Monday 7 February 2011

Gardens and the Great Disconnect

You may be aware of a term that’s doing the rounds – the political ‘disconnect’ in this country.  With the media and politicians on one side of the divide and the ‘ordinary’ public on the other. The people on each side of this inviolable divide inhabit different worlds, they come from different backgrounds, they have each been through educational establishments so different there is no way on earth they can really understand each other.

A hundred years ago you had a party on one side whose spokespeople were drawn from the great mass of the working class. The other party was of and for the property owners, the landowners. It was a class based divide but each side was represented in Parliament.  And in the media there were plenty of people who had worked their way up through apprenticeships and local papers who could call themselves working class.

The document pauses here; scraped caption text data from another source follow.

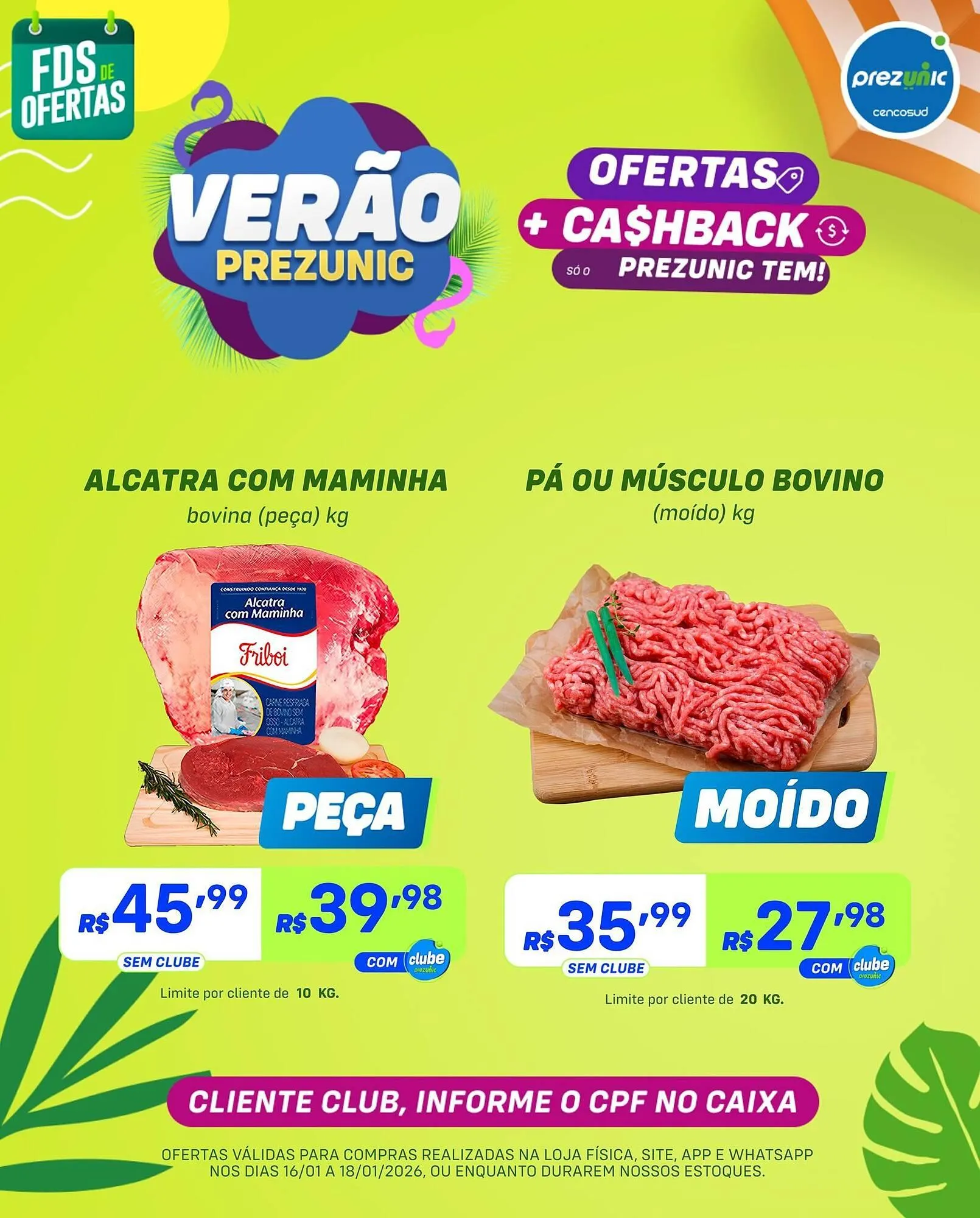 Encarte de Encarte Prezunic 16 de janeiro até 18 de janeiro 2026 - Pagina 1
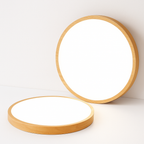 Slim Natural Wood LED Ceiling Light (Dimmable)
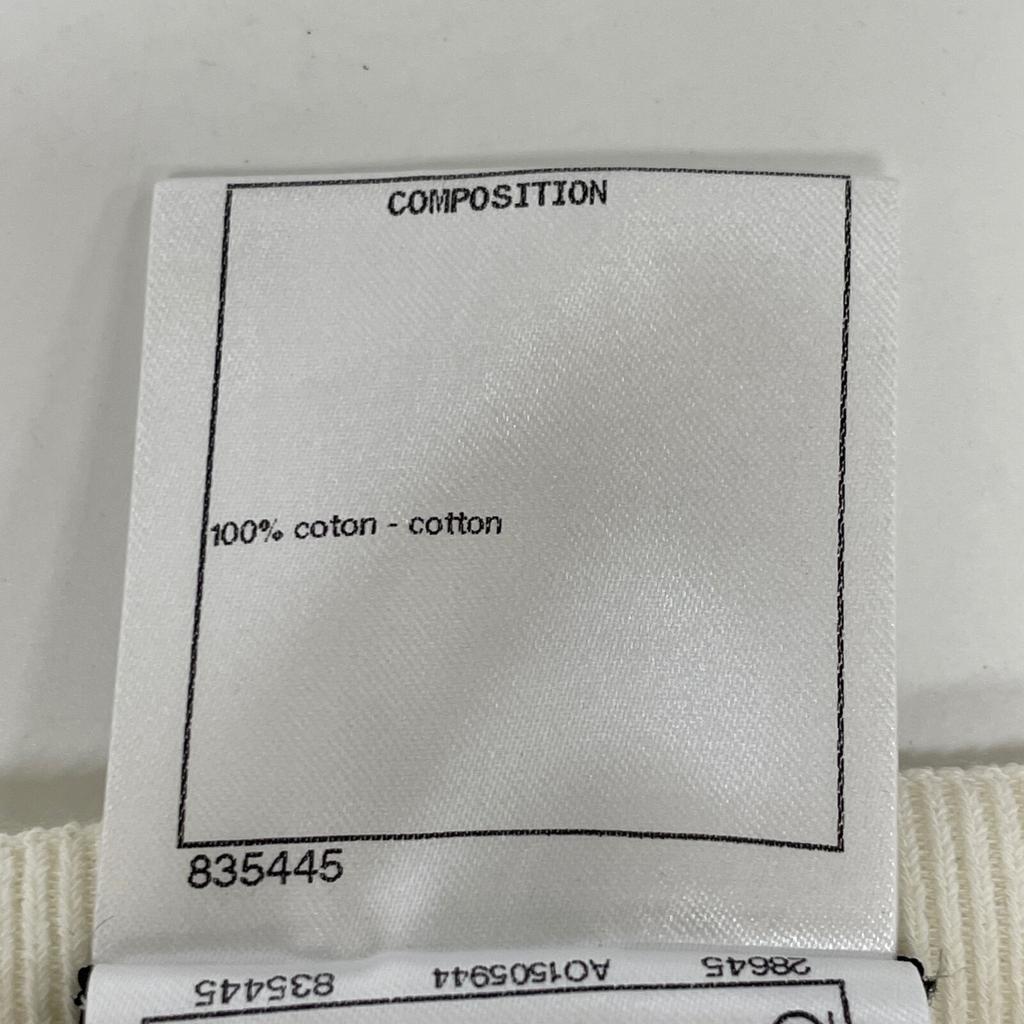 Chanel White P60739 CC Logos Knit Short Skirt Skirt 36 IvoryUsed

The class divide has gone and with it almost any remnants of the representatives of ‘normal’ people.  ‘Normal’? ‘Ordinary’? This is one of the problems there’s not even really a word for us.

This great majority, this huge middle mass (we’re not working class or middle class these are too specific and nowadays middle class tends to mean very well off) is not represented. The people in parliament and the people running the media have no idea what we want, what we aspire to, what we fear. We are ruled but not represented.

When Gordon Brown called Gillian Duffy a ‘bigot’ it wasn’t a seismic moment because he was rude, it was seismic because it showed this disconnect, this lack of understanding, it showed with crystal clarity the two worlds – the rulers and the ruled.


So what’s this got to do with gardens? Well in some ways gardens are different, the world of gardens has always been run by the toffs; the Gertrudes and the Christophers. The working gardeners were happy to doff their caps and never thought to try to take over.

But the world’s not divided into upper and working any more and gardens haven’t caught on yet. This middle mass now has the means, the time and the wish to create their own gardens and outside spaces.  The old advice, the old books, the old programmes, based on the idea of large gardens, time-rich, cash-rich, horticulturally inclined people looks increasingly out of touch and disconnected from reality.